The Long and Winding Road: Forty Years of Argumentation
Trevor Bench-Capon (University of Liverpool)
In this talk I review my engagement with argumentation over the past forty years. I describe the perspective I brought from philosophy and the Civil Service, and consider a number of aspects of computational argumentation: knowledge based systems, explanation, context, audiences, schemes and models. A key feature of argumentation is that it is an activity which has to be actively engaged with, whereas a proof is an object to be understood and admired.
Formal Dialectic: From Aristotle to Pragma-Dialectics, and Beyond
Erik Krabbe (University of Groningen)
Formal dialectic has its roots in ancient dialectic. We can trace this influence in Charles Hamblin's book on fallacies, in which he introduced his first formal dialectical systems. Earlier, Paul Lorenzen proposed systems of dialogical logic, which were in fact formal dialectical systems avant la lettre, with roles similar to those of the Greek Questioner and Answerer. In order to make a comparison between ancient dialectic and contemporary formal dialectic, I shall formalize part of the Aristotelian procedure for Academic debates. The resulting system will be compared with a particular formal dialectic system: Van Eemeren and Grootendorst's rules of Critical Discussion (the pragma-dialectical discussion procedure), which must, however, first itself be reconstructed as a formal dialectical system. When drawing comparisons, it will become clear that there is a line from Aristotle through formal dialectic and pragma-dialectics to computational models of argument.
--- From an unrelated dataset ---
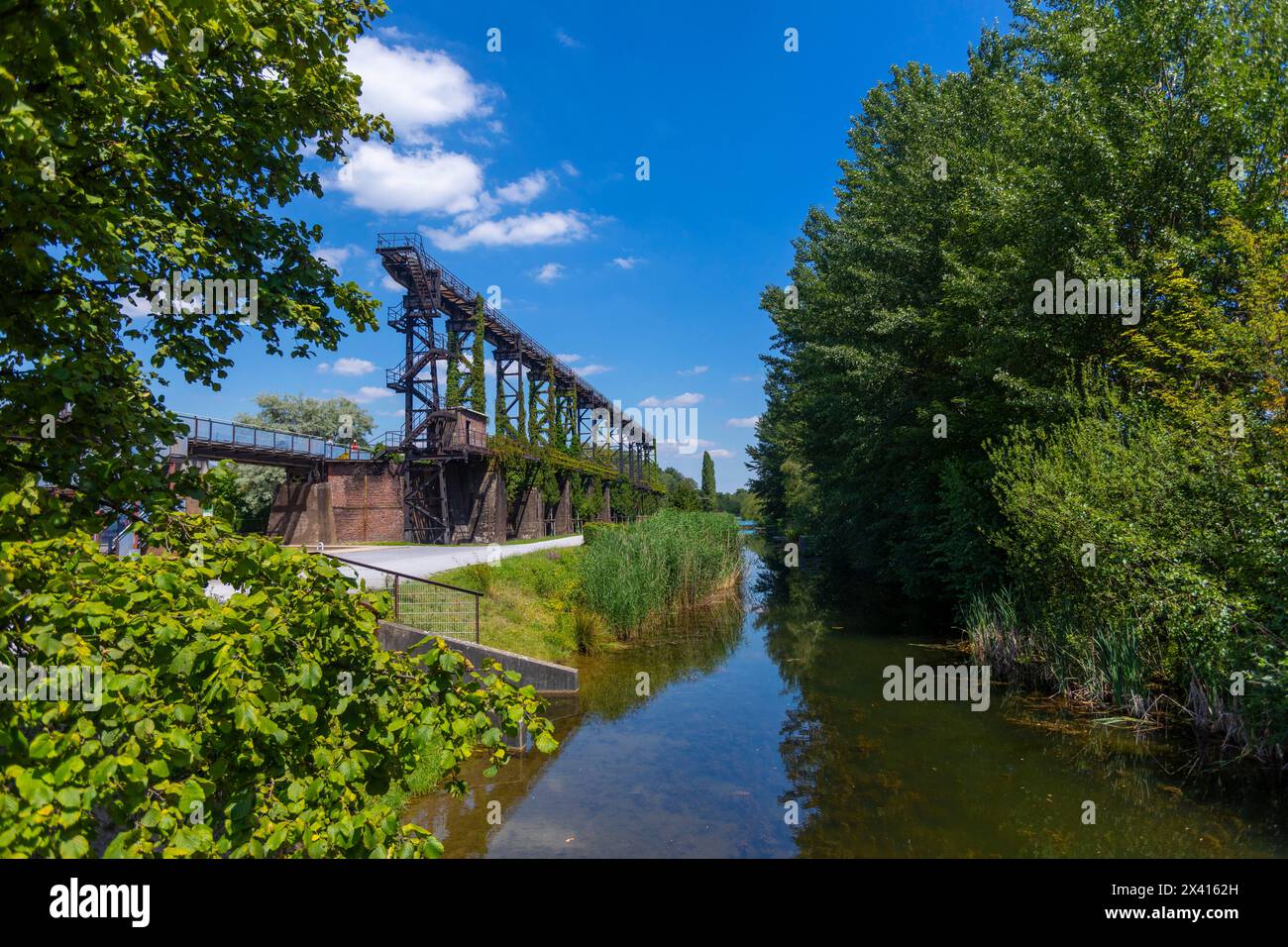 Europe, Allemagne. Rhénanie-du-Nord-Westphalie. Duisburg. Parc paysager Duisburg Nord : Landschaftspark Duisburg-Nord, construit sur une friche industrielle Banque D'Images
Multiple logics within argument: how defeasible and classical reasoning work together
Keith Stenning (Universities of Edinburgh and Giessen)
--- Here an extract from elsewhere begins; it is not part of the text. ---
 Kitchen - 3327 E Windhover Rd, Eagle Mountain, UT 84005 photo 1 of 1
In the psychology lab we often see undergraduates interpreting instructions and materials in nonmonotonic logics when the experimenter intends them to be interpreted in classical logic (Stenning and van Lambalgen 2008). In ongoing experiments we see a larger proportion of reasoners adopting a classical logical interpretation of the task when it is clearly signalled through social discourse cues. This accumulating evidence supports the view that several logics are involved in peoples' reasoning. This talk will raise questions about the implications of such a multiple-logics view of cognition for theories of argumentation using examples drawn from conversation and from legal institutionalisation.
Stenning and van Lambalgen (2008) Human Reasoning and Cognitive Science. MIT Press.